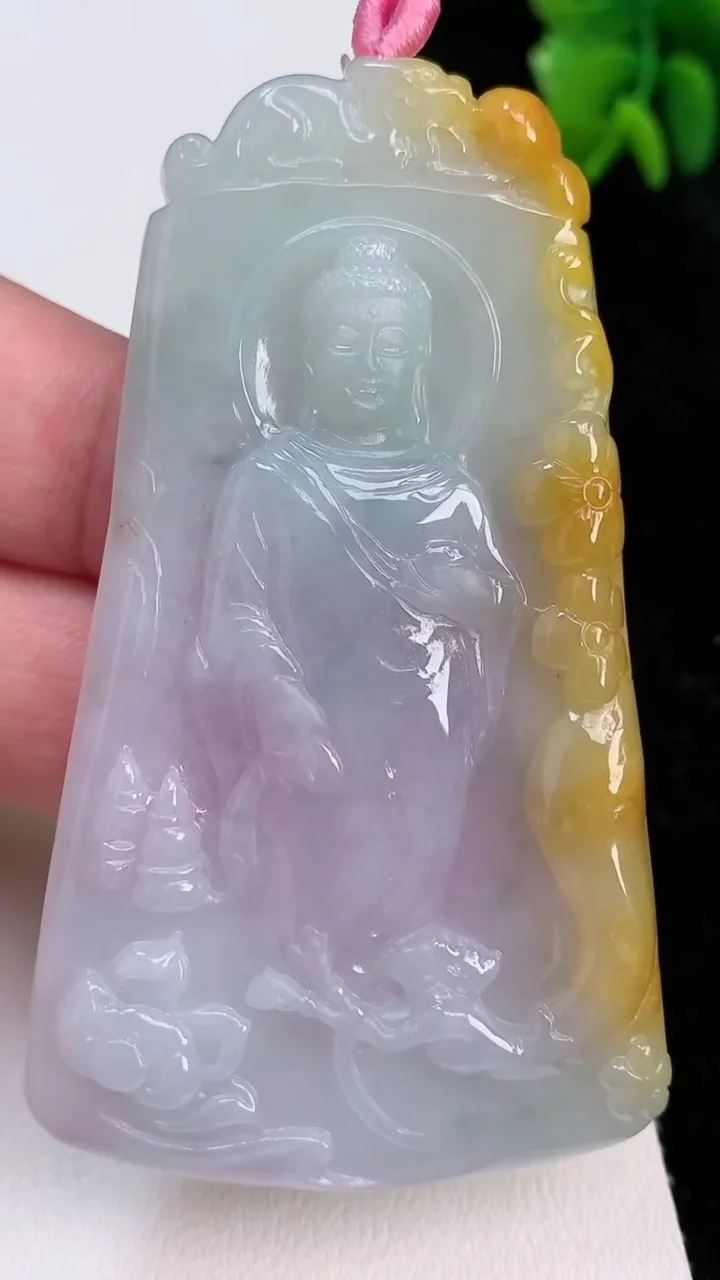 天然A货翡翠双彩阿弥陀佛吊坠，尺寸70.5-41.4-5.8，重量:33.26g
7月1日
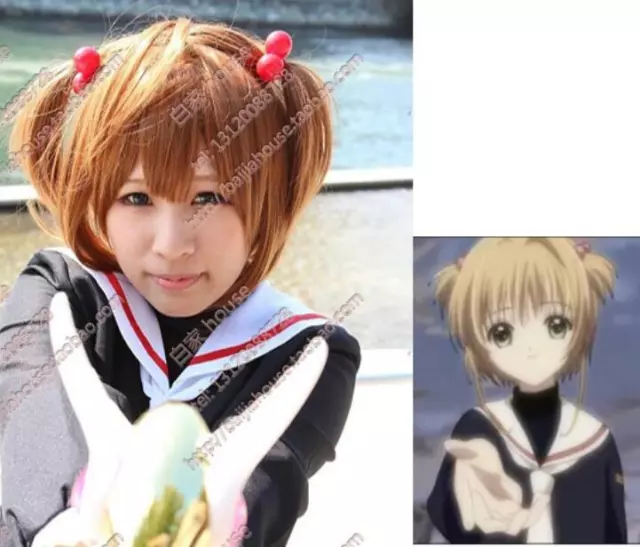 Anime Cardcaptor Sakura KINOMOTO SAKURA Wig Short Light Brown Cosplay Party Wigs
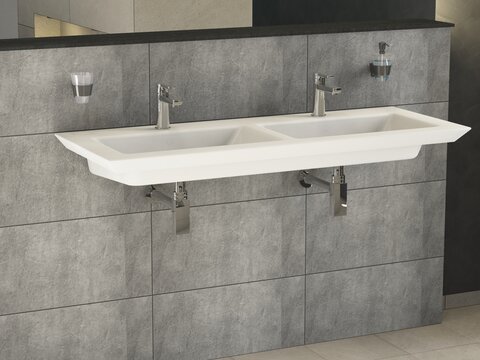 Villeroy & Boch Legato Möbeldoppelwaschtisch weiß mit CeramicPlus mit 2 Hahnlöchern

What is being asked ::
One exact copy of the data, no pictures: write it out line for line.

Reply to the exercise ::
 天然A货翡翠双彩阿弥陀佛吊坠，尺寸70.5-41.4-5.8，重量:33.26g
7月1日
 Anime Cardcaptor Sakura KINOMOTO SAKURA Wig Short Light Brown Cosplay Party Wigs
 Villeroy & Boch Legato Möbeldoppelwaschtisch weiß mit CeramicPlus mit 2 Hahnlöchern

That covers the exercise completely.